EXERCISE REQUIREMENTS: Under this line are the records; write out word for word the part that begins at the line containing "Olivella petiolita" and ends at the line containing "9782092490914 - page-interieure2", and no more.

MATERIAL SHOWN:
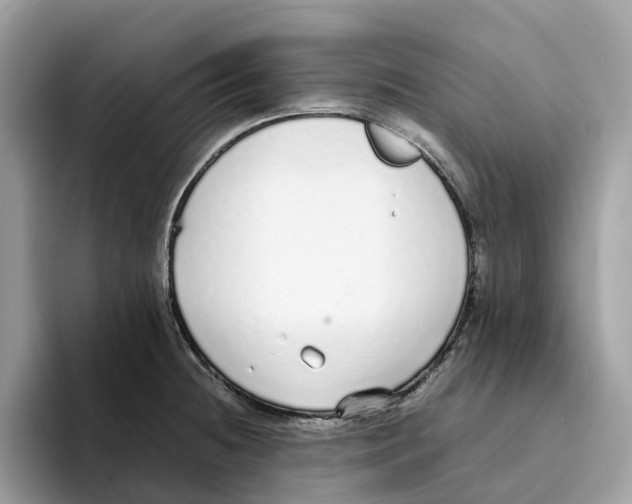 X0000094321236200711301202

...

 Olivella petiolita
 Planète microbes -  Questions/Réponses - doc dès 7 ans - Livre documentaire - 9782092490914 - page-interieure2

EXERCISE ANSWER:
 Olivella petiolita
 Planète microbes -  Questions/Réponses - doc dès 7 ans - Livre documentaire - 9782092490914 - page-interieure2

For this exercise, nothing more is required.